Owens later developed other, more sophisticated (and more automated) pollution measuring devices, including one based on a siphon and, in 1921, another, known as the jet dust counter, that accelerated air samples toward glass slides so the composition of pollution could be studied under a microscope. Two of Owens' inventions were patented in Britain as "An Instrument for Measuring the Density of Smoke from Factory and other Chimneys" (1911) and "Apparatus for Measuring the Amount of Suspended Impurity in the Air" (1914); Owens held around 30 other British patents for devices as varied as concrete mixers, bomb throwers, sheet pilers, and various forms of sea defence.

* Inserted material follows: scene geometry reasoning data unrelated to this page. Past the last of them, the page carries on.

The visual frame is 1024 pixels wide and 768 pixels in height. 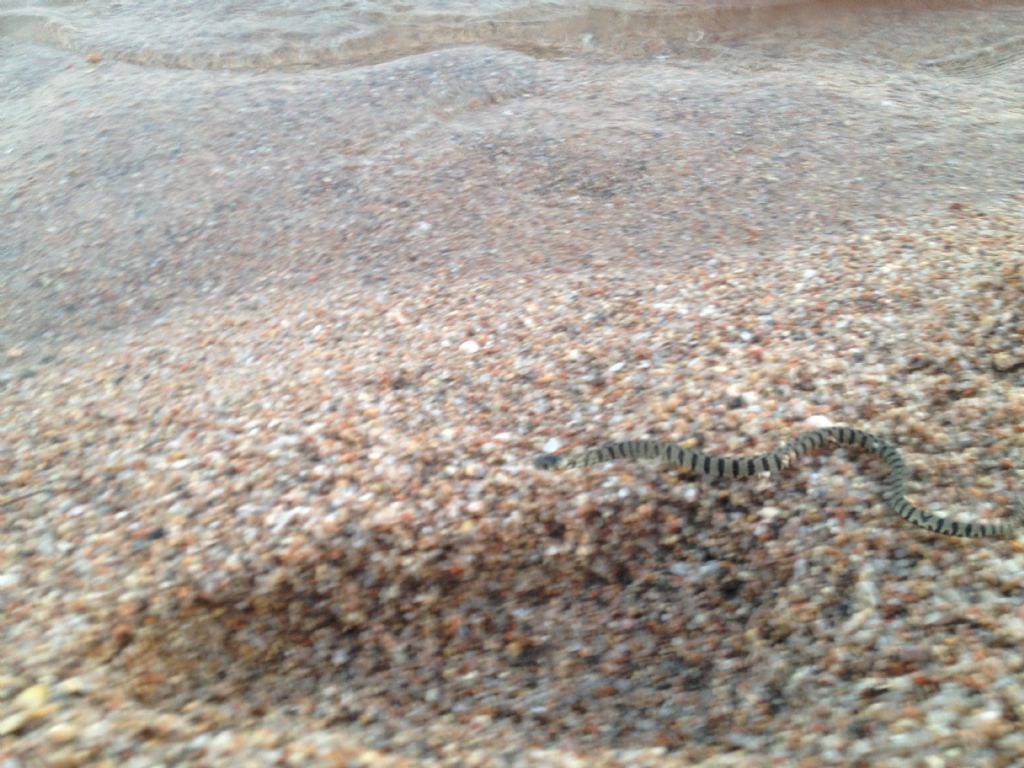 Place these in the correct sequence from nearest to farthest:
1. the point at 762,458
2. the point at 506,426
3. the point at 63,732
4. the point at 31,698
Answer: the point at 63,732 → the point at 31,698 → the point at 762,458 → the point at 506,426

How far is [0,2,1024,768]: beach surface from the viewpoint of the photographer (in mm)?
2898

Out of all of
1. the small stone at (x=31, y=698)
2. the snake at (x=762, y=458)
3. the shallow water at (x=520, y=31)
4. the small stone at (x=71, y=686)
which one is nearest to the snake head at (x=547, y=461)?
the snake at (x=762, y=458)

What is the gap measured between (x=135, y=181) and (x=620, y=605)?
532 centimetres

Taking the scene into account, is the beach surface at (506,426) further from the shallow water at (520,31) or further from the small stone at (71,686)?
the shallow water at (520,31)

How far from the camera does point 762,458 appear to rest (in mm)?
3666

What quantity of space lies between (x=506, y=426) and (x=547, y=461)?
33cm

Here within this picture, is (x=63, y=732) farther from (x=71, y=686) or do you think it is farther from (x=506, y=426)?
(x=506, y=426)

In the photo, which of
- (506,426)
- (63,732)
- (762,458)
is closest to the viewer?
(63,732)

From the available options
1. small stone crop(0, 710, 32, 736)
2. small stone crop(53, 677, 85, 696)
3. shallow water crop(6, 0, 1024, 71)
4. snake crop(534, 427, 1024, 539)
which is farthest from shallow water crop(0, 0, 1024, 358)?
small stone crop(0, 710, 32, 736)

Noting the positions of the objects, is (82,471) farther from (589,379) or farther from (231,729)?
(589,379)

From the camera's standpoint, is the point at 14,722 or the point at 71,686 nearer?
the point at 14,722

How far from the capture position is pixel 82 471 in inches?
158

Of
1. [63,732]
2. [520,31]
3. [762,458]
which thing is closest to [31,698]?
[63,732]

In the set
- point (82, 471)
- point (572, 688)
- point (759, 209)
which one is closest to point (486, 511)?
point (572, 688) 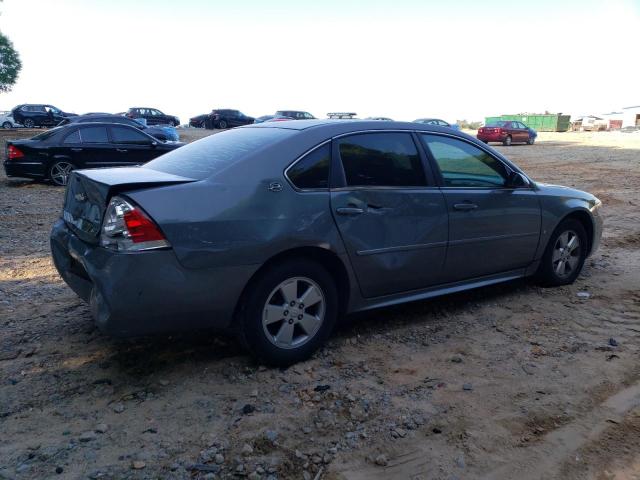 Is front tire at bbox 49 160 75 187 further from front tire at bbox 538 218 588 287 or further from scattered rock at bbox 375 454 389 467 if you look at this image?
scattered rock at bbox 375 454 389 467

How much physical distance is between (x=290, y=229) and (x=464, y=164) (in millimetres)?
1854

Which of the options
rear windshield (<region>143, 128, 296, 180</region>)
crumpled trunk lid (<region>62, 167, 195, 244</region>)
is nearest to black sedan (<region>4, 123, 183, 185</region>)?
rear windshield (<region>143, 128, 296, 180</region>)

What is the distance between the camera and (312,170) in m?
3.76

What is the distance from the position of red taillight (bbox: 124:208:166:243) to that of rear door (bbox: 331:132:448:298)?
1.18 metres

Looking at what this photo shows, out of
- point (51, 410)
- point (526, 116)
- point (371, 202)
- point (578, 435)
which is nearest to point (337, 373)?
point (371, 202)

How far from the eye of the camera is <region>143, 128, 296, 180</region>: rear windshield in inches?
144

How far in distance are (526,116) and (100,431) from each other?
59.7 m

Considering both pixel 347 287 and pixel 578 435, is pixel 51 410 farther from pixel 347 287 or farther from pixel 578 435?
pixel 578 435

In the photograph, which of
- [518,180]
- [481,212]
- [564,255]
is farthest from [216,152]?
[564,255]

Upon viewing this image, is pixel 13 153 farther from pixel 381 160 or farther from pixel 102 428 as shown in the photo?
pixel 102 428

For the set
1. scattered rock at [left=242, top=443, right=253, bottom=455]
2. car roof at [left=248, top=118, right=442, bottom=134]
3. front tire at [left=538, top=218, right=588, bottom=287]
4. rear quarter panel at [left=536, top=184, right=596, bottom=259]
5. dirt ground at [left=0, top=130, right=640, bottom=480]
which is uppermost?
car roof at [left=248, top=118, right=442, bottom=134]

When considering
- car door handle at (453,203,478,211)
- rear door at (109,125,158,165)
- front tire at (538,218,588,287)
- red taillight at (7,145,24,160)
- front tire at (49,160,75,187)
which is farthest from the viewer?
rear door at (109,125,158,165)

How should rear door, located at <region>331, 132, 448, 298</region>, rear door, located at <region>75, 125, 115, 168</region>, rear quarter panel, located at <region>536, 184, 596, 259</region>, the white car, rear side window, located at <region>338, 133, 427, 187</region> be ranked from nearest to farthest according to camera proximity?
rear door, located at <region>331, 132, 448, 298</region>
rear side window, located at <region>338, 133, 427, 187</region>
rear quarter panel, located at <region>536, 184, 596, 259</region>
rear door, located at <region>75, 125, 115, 168</region>
the white car

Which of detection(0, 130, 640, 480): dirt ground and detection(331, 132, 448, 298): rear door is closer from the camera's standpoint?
detection(0, 130, 640, 480): dirt ground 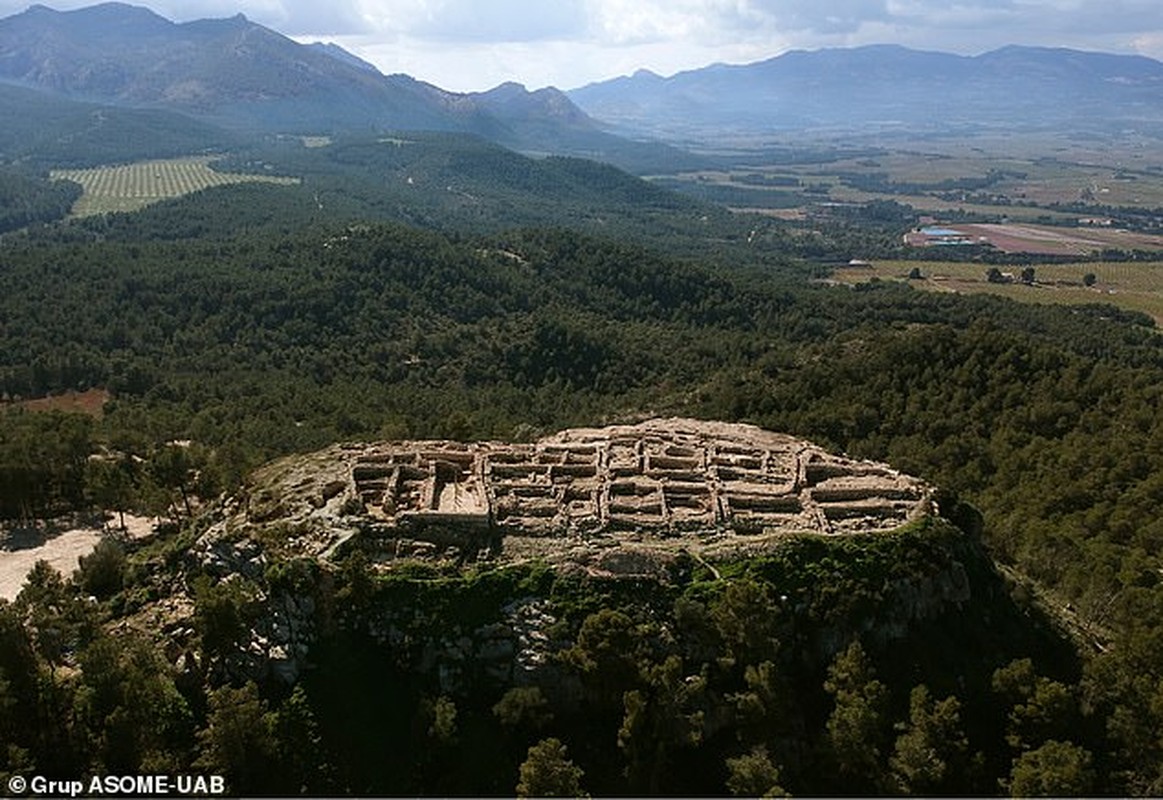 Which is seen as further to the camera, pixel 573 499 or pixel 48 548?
pixel 48 548

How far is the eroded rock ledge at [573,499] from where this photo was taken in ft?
153

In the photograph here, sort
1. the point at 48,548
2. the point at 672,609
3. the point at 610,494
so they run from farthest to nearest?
the point at 48,548
the point at 610,494
the point at 672,609

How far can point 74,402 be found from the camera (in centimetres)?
11112

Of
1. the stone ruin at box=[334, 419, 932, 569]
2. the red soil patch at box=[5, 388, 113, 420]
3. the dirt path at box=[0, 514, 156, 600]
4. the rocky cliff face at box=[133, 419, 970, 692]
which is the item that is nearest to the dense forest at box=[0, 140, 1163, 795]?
the rocky cliff face at box=[133, 419, 970, 692]

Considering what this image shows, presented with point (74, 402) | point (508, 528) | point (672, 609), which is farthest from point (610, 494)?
point (74, 402)

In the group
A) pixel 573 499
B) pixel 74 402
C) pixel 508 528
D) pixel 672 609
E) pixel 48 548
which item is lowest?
pixel 74 402

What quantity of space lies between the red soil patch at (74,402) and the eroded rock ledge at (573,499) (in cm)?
6468

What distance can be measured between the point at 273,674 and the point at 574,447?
24.2 m

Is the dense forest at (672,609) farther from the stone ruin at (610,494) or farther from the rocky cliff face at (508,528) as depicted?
the stone ruin at (610,494)

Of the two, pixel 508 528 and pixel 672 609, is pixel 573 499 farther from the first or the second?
pixel 672 609

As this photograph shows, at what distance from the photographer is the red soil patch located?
107000mm

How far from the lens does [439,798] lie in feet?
126

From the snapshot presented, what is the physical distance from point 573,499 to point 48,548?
3668cm

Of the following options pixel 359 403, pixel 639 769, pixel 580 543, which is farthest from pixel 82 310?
pixel 639 769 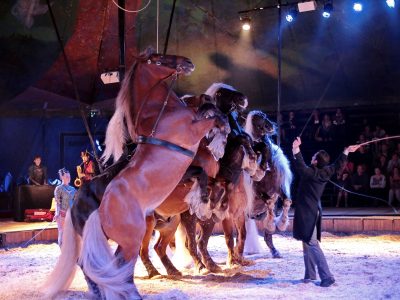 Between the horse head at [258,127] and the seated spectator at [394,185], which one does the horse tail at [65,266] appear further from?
the seated spectator at [394,185]

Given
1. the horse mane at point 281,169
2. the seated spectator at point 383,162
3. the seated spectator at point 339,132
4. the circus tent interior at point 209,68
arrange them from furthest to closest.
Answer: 1. the seated spectator at point 339,132
2. the circus tent interior at point 209,68
3. the seated spectator at point 383,162
4. the horse mane at point 281,169

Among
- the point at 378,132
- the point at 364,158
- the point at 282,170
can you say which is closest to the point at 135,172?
the point at 282,170

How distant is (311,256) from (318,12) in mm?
9835

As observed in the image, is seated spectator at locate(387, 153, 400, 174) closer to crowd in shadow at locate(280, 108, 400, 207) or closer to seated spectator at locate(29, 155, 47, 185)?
crowd in shadow at locate(280, 108, 400, 207)

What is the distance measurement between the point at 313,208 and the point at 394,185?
7.34 metres

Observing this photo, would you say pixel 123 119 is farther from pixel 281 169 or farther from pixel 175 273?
pixel 281 169

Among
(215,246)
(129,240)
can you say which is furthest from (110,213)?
(215,246)

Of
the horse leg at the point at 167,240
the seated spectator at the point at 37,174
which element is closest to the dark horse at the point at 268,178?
the horse leg at the point at 167,240

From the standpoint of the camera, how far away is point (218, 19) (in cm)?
1465

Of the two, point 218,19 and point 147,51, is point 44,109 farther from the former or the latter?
point 147,51

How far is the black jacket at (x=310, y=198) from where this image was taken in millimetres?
5555

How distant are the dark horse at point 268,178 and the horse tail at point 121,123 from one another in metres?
1.97

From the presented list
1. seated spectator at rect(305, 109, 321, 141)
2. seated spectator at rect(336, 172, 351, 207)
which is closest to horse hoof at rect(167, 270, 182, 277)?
seated spectator at rect(336, 172, 351, 207)

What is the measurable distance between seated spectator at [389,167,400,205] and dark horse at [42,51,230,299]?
823 centimetres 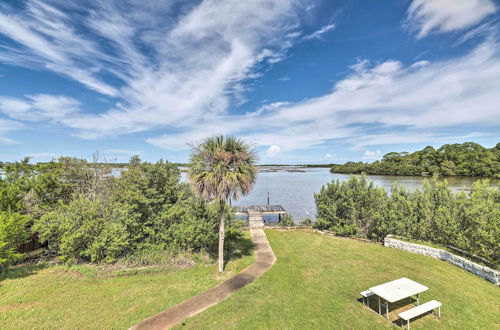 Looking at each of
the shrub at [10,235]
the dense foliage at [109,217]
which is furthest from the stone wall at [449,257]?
the shrub at [10,235]

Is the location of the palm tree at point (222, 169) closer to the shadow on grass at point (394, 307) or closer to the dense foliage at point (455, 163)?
the shadow on grass at point (394, 307)

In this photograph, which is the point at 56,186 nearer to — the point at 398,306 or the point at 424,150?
the point at 398,306

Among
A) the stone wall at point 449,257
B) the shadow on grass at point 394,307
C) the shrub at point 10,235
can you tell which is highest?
the shrub at point 10,235

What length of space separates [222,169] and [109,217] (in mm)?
6341

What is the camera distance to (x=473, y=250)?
30.6ft

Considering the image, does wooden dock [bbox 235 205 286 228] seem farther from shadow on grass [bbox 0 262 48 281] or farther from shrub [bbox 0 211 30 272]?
shrub [bbox 0 211 30 272]

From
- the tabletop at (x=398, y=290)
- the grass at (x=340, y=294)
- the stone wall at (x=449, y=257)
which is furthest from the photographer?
the stone wall at (x=449, y=257)

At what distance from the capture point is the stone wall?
25.4ft

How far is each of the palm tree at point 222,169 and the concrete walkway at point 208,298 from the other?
3.62 ft

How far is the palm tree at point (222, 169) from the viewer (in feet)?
25.4

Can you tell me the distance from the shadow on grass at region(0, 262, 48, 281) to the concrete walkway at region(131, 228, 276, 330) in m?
6.60

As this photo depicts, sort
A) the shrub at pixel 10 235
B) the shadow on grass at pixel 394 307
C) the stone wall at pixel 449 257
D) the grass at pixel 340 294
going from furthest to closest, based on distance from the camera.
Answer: the stone wall at pixel 449 257
the shrub at pixel 10 235
the shadow on grass at pixel 394 307
the grass at pixel 340 294

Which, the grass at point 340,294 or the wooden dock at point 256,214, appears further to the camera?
the wooden dock at point 256,214

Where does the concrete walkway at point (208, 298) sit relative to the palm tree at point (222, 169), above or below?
below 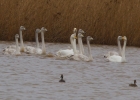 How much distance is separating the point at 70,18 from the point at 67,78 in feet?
26.4

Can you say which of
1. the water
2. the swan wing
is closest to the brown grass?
the water

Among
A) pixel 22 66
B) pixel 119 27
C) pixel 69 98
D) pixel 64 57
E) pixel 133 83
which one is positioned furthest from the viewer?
pixel 119 27

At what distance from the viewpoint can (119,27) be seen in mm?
20453

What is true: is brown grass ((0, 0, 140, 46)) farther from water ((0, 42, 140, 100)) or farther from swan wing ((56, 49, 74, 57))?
swan wing ((56, 49, 74, 57))

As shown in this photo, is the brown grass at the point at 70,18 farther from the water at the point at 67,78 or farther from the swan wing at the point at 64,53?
the swan wing at the point at 64,53

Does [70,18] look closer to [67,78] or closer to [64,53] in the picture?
[64,53]

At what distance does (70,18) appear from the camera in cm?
2073

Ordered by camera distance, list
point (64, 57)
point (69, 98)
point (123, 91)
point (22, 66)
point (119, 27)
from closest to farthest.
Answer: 1. point (69, 98)
2. point (123, 91)
3. point (22, 66)
4. point (64, 57)
5. point (119, 27)

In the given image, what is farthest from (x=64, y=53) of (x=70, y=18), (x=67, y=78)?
(x=67, y=78)

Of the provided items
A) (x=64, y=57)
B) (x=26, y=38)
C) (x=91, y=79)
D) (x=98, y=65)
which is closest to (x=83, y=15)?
(x=26, y=38)

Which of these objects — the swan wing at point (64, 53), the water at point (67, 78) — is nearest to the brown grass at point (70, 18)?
the water at point (67, 78)

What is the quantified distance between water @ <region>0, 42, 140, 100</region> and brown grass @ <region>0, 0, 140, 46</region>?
2594mm

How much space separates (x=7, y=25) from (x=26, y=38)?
766 mm

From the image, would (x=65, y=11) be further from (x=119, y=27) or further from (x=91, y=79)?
(x=91, y=79) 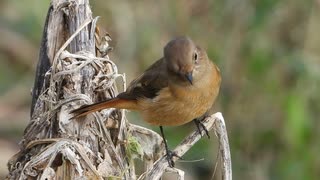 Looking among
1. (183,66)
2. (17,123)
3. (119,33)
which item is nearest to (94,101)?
(183,66)

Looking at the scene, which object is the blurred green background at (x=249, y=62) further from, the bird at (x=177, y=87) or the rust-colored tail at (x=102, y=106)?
the rust-colored tail at (x=102, y=106)

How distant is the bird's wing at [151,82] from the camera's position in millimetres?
5102

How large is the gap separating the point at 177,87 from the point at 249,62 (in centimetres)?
176

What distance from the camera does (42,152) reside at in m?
4.26

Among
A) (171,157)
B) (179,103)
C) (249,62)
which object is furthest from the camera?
(249,62)

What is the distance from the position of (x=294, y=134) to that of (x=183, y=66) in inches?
77.1

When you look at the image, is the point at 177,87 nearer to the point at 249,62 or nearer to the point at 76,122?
the point at 76,122

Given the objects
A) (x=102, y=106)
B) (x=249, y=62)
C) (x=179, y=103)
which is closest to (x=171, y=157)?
(x=102, y=106)

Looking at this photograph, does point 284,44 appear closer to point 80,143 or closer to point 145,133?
point 145,133

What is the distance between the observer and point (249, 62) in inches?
268

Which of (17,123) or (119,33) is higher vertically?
(119,33)

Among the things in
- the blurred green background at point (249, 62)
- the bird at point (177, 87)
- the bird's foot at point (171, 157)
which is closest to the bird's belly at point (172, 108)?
the bird at point (177, 87)

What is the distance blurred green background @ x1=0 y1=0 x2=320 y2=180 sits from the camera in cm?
667

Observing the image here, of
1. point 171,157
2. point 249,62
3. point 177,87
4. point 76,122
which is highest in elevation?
point 249,62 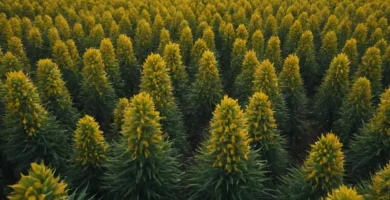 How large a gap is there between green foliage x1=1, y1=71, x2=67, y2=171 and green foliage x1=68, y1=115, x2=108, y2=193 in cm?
87

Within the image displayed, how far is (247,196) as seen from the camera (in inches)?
252

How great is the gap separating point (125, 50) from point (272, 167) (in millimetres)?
7056

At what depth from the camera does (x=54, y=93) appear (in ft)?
29.1

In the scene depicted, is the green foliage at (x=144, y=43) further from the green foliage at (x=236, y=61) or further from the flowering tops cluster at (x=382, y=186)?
the flowering tops cluster at (x=382, y=186)

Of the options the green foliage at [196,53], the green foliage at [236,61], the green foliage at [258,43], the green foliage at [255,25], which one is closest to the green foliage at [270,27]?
the green foliage at [255,25]

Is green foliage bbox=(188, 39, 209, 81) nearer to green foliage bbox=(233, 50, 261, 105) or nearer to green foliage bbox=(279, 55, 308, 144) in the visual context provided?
green foliage bbox=(233, 50, 261, 105)

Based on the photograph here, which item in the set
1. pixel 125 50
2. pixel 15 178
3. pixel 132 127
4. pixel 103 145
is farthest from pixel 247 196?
pixel 125 50

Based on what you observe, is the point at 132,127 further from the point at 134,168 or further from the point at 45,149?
the point at 45,149

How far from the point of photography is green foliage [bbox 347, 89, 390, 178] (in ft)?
25.1

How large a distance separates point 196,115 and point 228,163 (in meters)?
4.84

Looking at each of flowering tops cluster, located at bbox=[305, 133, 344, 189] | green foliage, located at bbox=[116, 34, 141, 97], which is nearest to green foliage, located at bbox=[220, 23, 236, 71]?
green foliage, located at bbox=[116, 34, 141, 97]

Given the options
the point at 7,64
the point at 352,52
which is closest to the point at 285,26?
the point at 352,52

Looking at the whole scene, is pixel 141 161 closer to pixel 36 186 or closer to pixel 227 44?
pixel 36 186

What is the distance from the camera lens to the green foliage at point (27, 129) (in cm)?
732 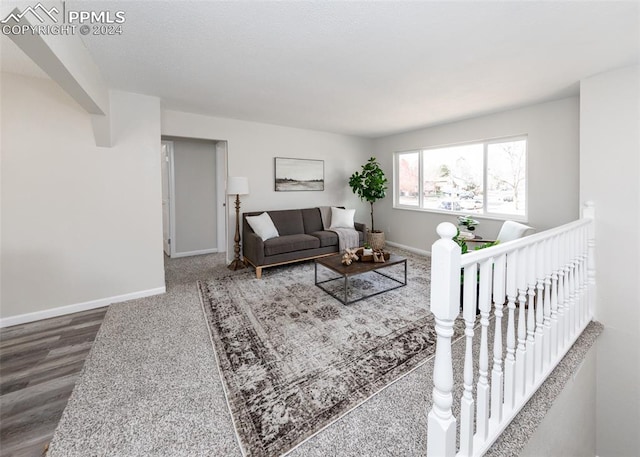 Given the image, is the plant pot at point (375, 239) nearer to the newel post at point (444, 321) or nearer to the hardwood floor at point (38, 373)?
the hardwood floor at point (38, 373)

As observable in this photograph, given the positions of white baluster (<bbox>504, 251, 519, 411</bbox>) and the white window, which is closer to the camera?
white baluster (<bbox>504, 251, 519, 411</bbox>)

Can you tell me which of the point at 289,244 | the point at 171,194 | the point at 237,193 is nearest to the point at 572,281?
the point at 289,244

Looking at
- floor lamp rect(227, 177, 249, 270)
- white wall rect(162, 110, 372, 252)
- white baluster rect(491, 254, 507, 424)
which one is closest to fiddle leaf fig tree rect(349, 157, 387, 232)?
white wall rect(162, 110, 372, 252)

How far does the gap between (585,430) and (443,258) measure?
275 cm

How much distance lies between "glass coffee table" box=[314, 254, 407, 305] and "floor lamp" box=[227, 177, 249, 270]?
4.58 feet

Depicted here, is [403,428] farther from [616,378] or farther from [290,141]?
[290,141]

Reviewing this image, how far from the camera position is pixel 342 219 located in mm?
5047

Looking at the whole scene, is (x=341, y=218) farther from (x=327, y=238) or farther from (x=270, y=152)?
(x=270, y=152)

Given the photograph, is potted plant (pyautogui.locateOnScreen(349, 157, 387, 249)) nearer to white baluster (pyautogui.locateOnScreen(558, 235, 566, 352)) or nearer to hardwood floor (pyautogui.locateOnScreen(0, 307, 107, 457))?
white baluster (pyautogui.locateOnScreen(558, 235, 566, 352))

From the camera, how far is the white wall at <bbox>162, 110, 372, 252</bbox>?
415 centimetres

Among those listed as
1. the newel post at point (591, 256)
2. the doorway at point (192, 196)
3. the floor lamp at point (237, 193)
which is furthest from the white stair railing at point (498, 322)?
the doorway at point (192, 196)

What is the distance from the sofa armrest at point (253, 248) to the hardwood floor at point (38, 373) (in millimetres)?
1777

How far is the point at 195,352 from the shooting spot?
6.98 feet

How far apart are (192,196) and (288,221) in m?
1.99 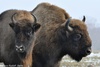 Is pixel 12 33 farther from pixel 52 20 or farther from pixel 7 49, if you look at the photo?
pixel 52 20

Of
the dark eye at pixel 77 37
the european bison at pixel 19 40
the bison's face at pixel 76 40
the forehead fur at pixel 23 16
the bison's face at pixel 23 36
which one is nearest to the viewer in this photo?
the bison's face at pixel 23 36

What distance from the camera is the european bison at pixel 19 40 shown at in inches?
475

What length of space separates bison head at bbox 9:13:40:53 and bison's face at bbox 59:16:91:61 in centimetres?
153

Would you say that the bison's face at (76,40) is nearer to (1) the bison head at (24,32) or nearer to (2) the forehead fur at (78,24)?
(2) the forehead fur at (78,24)

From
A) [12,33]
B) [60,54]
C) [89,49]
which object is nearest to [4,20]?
[12,33]

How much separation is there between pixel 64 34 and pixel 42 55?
3.35ft

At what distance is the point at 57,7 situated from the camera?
14.8 metres

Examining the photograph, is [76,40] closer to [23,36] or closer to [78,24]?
[78,24]

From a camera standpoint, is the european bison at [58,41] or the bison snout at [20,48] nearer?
the bison snout at [20,48]

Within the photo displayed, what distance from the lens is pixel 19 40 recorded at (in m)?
12.0

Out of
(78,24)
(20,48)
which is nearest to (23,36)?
(20,48)

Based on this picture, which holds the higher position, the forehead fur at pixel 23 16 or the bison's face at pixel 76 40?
the forehead fur at pixel 23 16

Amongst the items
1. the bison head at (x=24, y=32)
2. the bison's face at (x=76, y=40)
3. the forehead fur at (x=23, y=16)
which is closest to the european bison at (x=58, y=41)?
the bison's face at (x=76, y=40)

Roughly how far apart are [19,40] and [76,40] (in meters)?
2.48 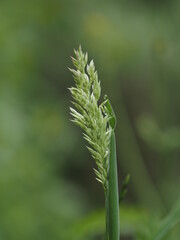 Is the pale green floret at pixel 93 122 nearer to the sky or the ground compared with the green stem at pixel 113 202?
nearer to the sky

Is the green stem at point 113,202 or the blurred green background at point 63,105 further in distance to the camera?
the blurred green background at point 63,105

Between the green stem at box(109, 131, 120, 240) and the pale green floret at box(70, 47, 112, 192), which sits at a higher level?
the pale green floret at box(70, 47, 112, 192)

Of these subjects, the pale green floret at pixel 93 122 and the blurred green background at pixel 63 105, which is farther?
the blurred green background at pixel 63 105

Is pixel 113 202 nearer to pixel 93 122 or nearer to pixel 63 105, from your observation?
pixel 93 122

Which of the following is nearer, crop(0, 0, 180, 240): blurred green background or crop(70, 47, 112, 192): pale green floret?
crop(70, 47, 112, 192): pale green floret

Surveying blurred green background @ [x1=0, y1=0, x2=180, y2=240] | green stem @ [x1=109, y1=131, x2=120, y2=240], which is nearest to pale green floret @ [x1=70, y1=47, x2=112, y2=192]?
green stem @ [x1=109, y1=131, x2=120, y2=240]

Owens' jet dust counter was one of the first instruments to demonstrate that air pollution could travel over long distances. In his description of the invention, he speculated that the particles he observed in England might have been "derived from the smoke of Continental fires... it appears highly probable that the great industrial effort now being made by Germany is, under certain conditions, responsible for a fair proportion of the suspended impurity in the air over this country". Unlike the deposit gauge, Owens' jet dust counter was largely neglected – and, with it, the idea of long-distance pollution as an international problem. According to pollution scientist Gary Fuller, Owens was years ahead of his time: "If Owens' device had been perfected, we might have taken early steps to control UK coal burning to prevent Scandinavia's acid rain crisis of the 1970s and 1980s, and action to avoid the air pollution that still covers western Europe each spring and summer."

==Death and legacy==

On Owens' death in 1941, an obituary in the science journal Nature described him as "a most useful and public-spirited man of science. For nearly thirty years Dr. Owens has been the moving spirit in the investigation of atmospheric pollution on its quantitative side. He devised the instruments in use, and co-ordinated, tabulated and prepared for publication all the data on which the progressive changes in the amount of pollution in the atmosphere are evaluated."

The Royal Meteorological Society awarded Owens its Symons Gold Medal in 1942 in recognition of his air pollution work. The same year, Sir George Clark of the Royal Geographical Society also paid tribute to Owens and "his pioneer work in the study of atmospheric pollution and smoke-abatement".

In his 2018 book The Invisible Killer, scientist Gary Fuller argued that Owens was a crucial figure "who more than any other person would define the transformation of air pollution science from the haphazard investigations of Victorian gentlemen into a systematic national surveillance program..."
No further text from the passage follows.